As EO Products considered East Bay options, the company’s real estate agents — Steven Leonard, Trevor Buck and Brian Foster in Cassidy Turley’s San Rafael office — approached San Rafael-based Universal Portolio Ltd., owner of 90 Windward Way, a number of other east San Rafael industrial buildings and Keller Estate Winery southeast of Petaluma. The building wasn’t on the market, but agents tried reaching out to the owner after the shuttering of startup movie model maker Kerner Optical there last year, according to Mr. Foster.

Universal Portfolio agreed to a long-term lease at lower rental rates, but EO Products would have to fund the improvement themselves. Owners eager to attract tenants often offer to cover some of those costs. In the first quarter, just 5.9 percent of San Rafael’s 3 million square feet of industrial space was available for lease, according to brokerage Keegan Coppin.

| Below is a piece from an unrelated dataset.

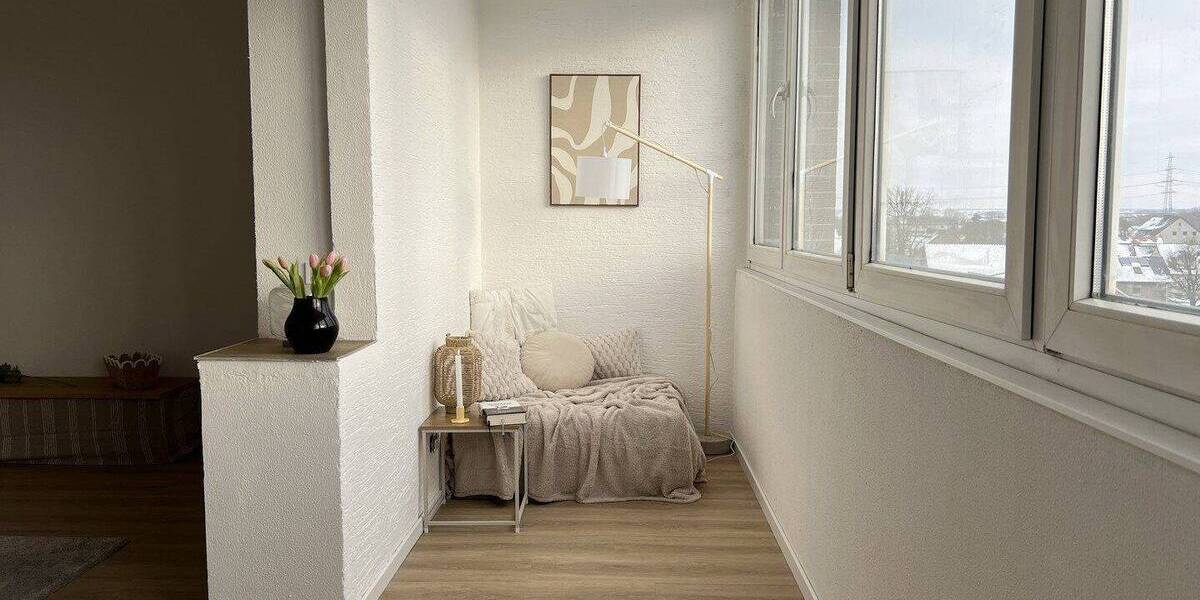 Etagenwohnung Paderborn Elsen - 3 Zimmer, 86 m&sup2;, 234.950&euro; | Angebot:26819538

With potential for local expansion space, EO Products sought help in getting necessary local-agency approvals. Mr. Fox contacted the Marin office of Assemblymember Jared Huffman, D-San Rafael, San Rafael interim Economic Development Director Stephanie Lovette and Robert Eyler, a Sonoma State University economist and head of the Marin Economic Forum. They pulled together staff from city planning, building and fire departments and the sanitation and water districts to consider the least time-consuming and costly options for the new plant.

“We’re always delighted to get manufacturing and industrial into our industrial areas,” Ms. Lovette said. Because of zoning there, EO Products would need just building permits from the city, after the sewer and water approvals are in hand. She had talked with the company a while ago but didn’t have available space.

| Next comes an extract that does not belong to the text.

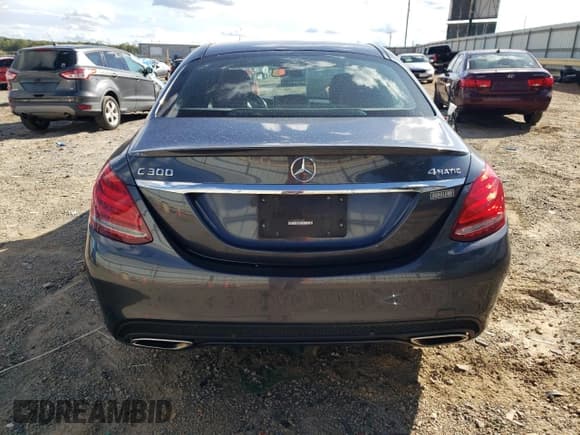 ✅ 2016 Mercedes-Benz C 300 Sport • VIN: 55SWF4KB6GU101004 • Лот: 85540465. Опубликован ранее на Copart с пробегом 87 064 миль. Бесплатный доступ к архиву аукционных продаж из США и подробный отчёт об истории автомобиля на DreamBid. Изображение 6.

The company’s new five-year goal is to become a net zero waste producer, and key to that is cutting its heavy water use. Three-quarters of the content of its products is water, but 80 percent of company water use is chilled water circulated around industrial kettles to emulsify the batches and washing out the kettles afterward. Part of the U.S. Small Business Administration financing EO Products is seeking for the expansion is for technology that will allow reuse of 80 percent of water taken into the plant and prepare the remainder for greywater recycling for irrigation, potentially in a planned community garden near the new facility.

Ms. Lovette connected the company with Redwood Empire Small Business Development Center’s industrial consultant Robert Toering on the water- and cost-saving process design, which is being planned by The Fifth Resource Group of Cotati.

Key to Ms. Lovette’s and Dr. Eyler’s involvement in EO’s meetings with the districts was explaining how the company uses water and how it plans to drastically cut water use.

“We are looking at how the water district plays a roll in economic development,” Dr. Eyler said.

Assemblymember Huffman said he is grateful public officials and company executives have been able to cooperate on the plant expansion plan. He plans to present the company with a district Small Business of the Year award in June.

“One of California’s competitive advantages is the growth of green companies like EO Products that are dedicated to environmentally responsible business practices,” Mr. Huffman said. “These companies are vital to California’s recovery, providing quality jobs for skilled workers, and stimulating growth in other sectors of the economy.”

In addition to the new plant, EO Products plans to open a small retail store in central Corte Madera this fall. Designed by Cass Smith of San Francisco, the store will have a Soap Bar to promote bulk purchases of soap in reusable containers and education. Also planned is a bulk sales program for lower-income consumers.

The manufacturing plant project team currently includes Wright Architecture Studio, a San Rafael firm recently formed by Robert Wright, a former principal of TWM Architects and Planners; The Fifth Resource Group; and likely general contractor McDevitt  McDevitt Construction, a Petaluma company that built 90 Windward.